Mengenal kedahsyatan akhirat tidak harus berarti memisahkan antara
perkara agama (Islam) dengan perkara dunia, hingga seakan-akan yang kita
sebut agama (Islam) itu pasti harus menjauh dari dunia. Padahal, justru
agama (Islam) itulah yang diturunkan oleh Allah SWT untuk mengatur
urusan dunia, demi keselamatan manusia di akhirat kelak. Selama ini kita
cenderung meyakini bahwa ummat Islam haruslah dipisahkan dari
perkembangan sarana dunia seperti teknologi, media, ataupun
kemajuan-kemajuan lainnya, yang mungkin itu semua adalah karena kita
menyetujui istilah-istilah yang diciptakan oleh musuh-musuh Islam
sendiri, seperti istilah pembedaan antara Islam dan Barat misalnya, yang
mana dengan menerima istilah tersebut sebagai kenyataan, maka kita pun
akan lantas menjaga jarak dan bahkan menjauhi Barat yang konon adalah
tempat bagi para penguasa dunia. Padahal, Timur ataupun Barat, semuanya
hanyalah milik Allah SWT, dan bukan milik non-Muslim. Kita mungkin
sering ketakutan sendiri dengan istilah ‘Islam versus Barat’ yang
dibuat-buat oleh mereka, padahal bisa jadi itu akan justru membatasi
jangkauan dakwah agama Islam itu sendiri, dan padahal istilah yang benar
adalah ‘Islam versus kekafiran’, dan bukan ‘Islam versus Barat’
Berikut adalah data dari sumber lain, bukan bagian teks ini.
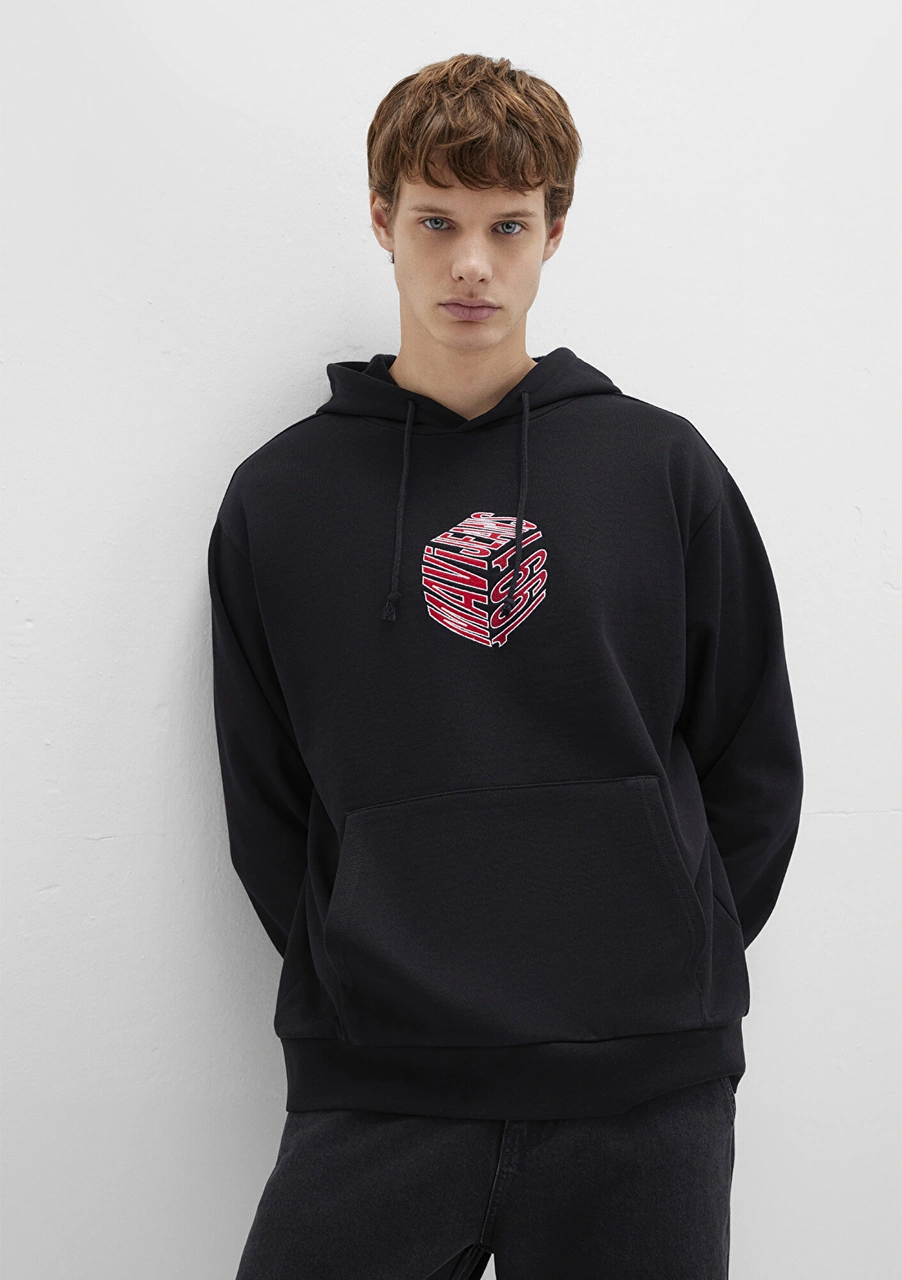 Mavi - Mavi Baskılı Kapüşonlu Siyah Sweatshirt 0s10397-900 Siyah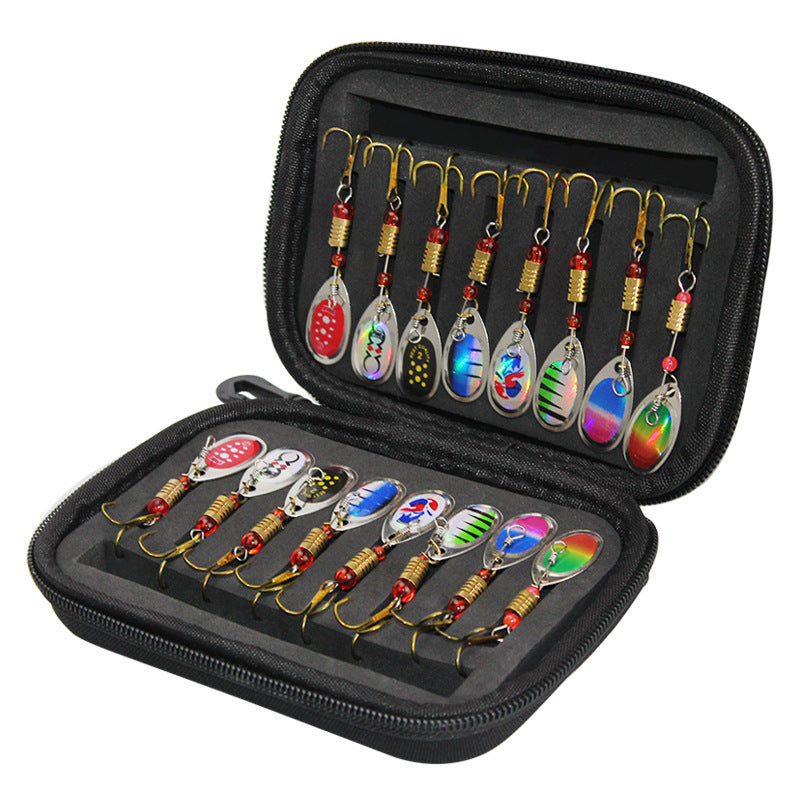 Rotating Composite Sequin Set Fly Hook Fishing Bait Small Bag External Bag Fishing Tackle Bag Black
tersebut. Kita justru seharusnya mendekati Barat agar dapat menyerukan
Islam di sana, karena Barat adalah bumi Allah SWT juga. Kita tentu juga
akan justru bergembira ketika semakin banyak ummat manusia di Barat yang
turut bergabung dengan kita dalam agama yang lurus ini, agar
kerusakan-kerusakan aqidah dan syari’at yang telah diperbuat oleh
non-Muslim di sana dapat diluruskan.
Adapun penyerupaan yang tidak diperbolehkan dalam Islam, maka itu
adalah penyerupaan dengan sikap orang-orang kafir, bukan dengan Barat.
Karena di Barat maupun di Timur, pasti ada orang-orang yang ingkar dan
kafir. Di Barat juga ada orang-orang yang beriman, sebagaimana di Timur
juga ada orang-orang yang kafir. Jadi, Islam tidak seharusnya
dipisah-pisah berdasarkan arah, tempat, ataupun ruang, melainkan yang
menjadi pemisah adalah keimanan dan keingkaran. Bumi ini dan segala
arahnya hanyalah milik Allah SWT. Teknologi memang lebih banyak
berkembang di Barat, namun teknologi bukan hanya milik orang-orang di
Barat, melainkan dia adalah anugerah dari Allah SWT yang diperuntukkan
bagi ummat manusia, yang seharusnya juga dikuasai oleh sebagian ummat
Islam agar dapat dipergunakan ke arah yang lebih sesuai dengan aturan
Islam. Media pun juga demikian, jika orang kafir Yahudi menyerang kita
dengan media, maka tentu kita pun harus menggunakan media juga untuk
melawan mereka.
Islam tidak pernah melarang perkara-perkara dunia yang baik,
melainkan yang dilarang adalah membesar-besarkan perkara dunia tersebut
hingga kita mengecilkan perkara akhirat yang sebenarnya lebih besar dan
lebih berat. Karena itulah, di sana memang harus ada yang sibuk
mengembangkan perkara dunia, namun harus ada pula yang tetap fokus
dengan urusan agama Islam ini, hingga detil-detilnya. Semuanya saling
melengkapi dan mendukung. Dan jika mengembangkan perkara dunia adalah
ibarat perang, maka akan tidak semestinya semua orang-orang yang beriman
ikut serta dalam peperangan tersebut. Seharusnyalah ada sebagian mereka
yang menempuh perjuangan dalam bentuk yang lain berupa belajar agama.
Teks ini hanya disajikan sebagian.